There are 13,000 “A”s for Albert around Hall
The Hall is home to the world’s largest single woven carpet design, made of 326,666 sheep fleeces and 49 million tufts getting it into the Guinness World Records
The world’s biggest Christmas pudding was made at the Hall and weighed ten tonnes
The first ever body-building contest and Sumo wrestling tournament outside Japan took place in the main auditorium
The Elgar Room used to be home to the Central School of Speech & Drama, giving a stage to names including Sir Lawrence Olivier and Dame Judy Dench
5,500 bottles of champagne and 1,800 bottles of gin are drunk at the Hall every year
Afternoon Tea was introduced to Britain by Queen Victoria. The first tea party was held at the Hall in 1912. The tradition continues today in the Hall’s Verdi Restaurant
The Royal Albert Hall Grand Tour is fully accessible.
Some time slots and/or dates are unavailable due to events taking place in the auditorium.
The Royal Albert Hall was built to fulfil the vision of Prince Albert (Queen Victoria’s consort) of a ‘Central Hall’ that would be used to promote understanding and appreciation of the Arts and Sciences and would stand at the heart of the South Kensington estate, surrounded by museums and places of learning.
The Hall is a Grade I Listed building; and has been in continuous use since it was opened in March 1871. It was always conceived as a multipurpose building to host not only concerts of music but exhibitions, public meetings, scientific conversations and award ceremonies. It is a registered charity held in trust for the nation and is financially self sufficient, receiving no funding from central or local government.

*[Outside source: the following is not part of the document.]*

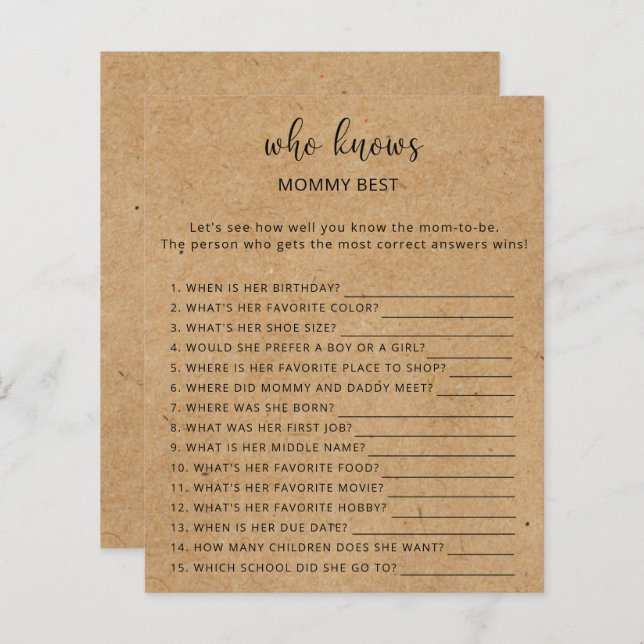 Rustic - Qui connaît maman meilleur jeu (Devant / Derrière)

Shakespeare’s Globe Exhibition & Globe Theatre Tour
Shakespeare’s Globe Exhibition is the world’s largest exhibition devoted to Shakespeare and the London in which he lived and worked. Housed beneath the reconstructed Globe Theatre on London’s Bankside, the exhibition explores the remarkable story of the Globe, and brings Shakespeare’s world to life using a range of interactive displays and live demonstrations.

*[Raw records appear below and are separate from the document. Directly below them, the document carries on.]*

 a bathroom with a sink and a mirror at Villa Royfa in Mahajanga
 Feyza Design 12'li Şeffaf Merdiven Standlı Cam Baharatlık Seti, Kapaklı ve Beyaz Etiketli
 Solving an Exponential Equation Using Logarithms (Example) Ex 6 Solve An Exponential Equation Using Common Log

Visitors to the exhibition can discover how shows were produced in the theatres of Shakespeare’s time, from writing and rehearsals to music, dance and performance. There are opportunities to learn about the traditional crafts and techniques used during the process of rebuilding the Globe; to find out how special effects were produced in Shakespeare’s time, to listen to recordings from some of the most memorable Shakespearean performances ever, or join the cast and add your own voice to a scene recorded by Globe actors; to create your own Shakespearean phrases in the word jungle; to watch a sword-fighting display and browse the costume collection, where you can learn about the extraordinary methods used in creating clothes 400 years ago.
Information sheets are available in English, large print, German, French, Dutch, Spanish, Portuguese, Italian, Russian, Polish, Romanian, Chinese and Japanese.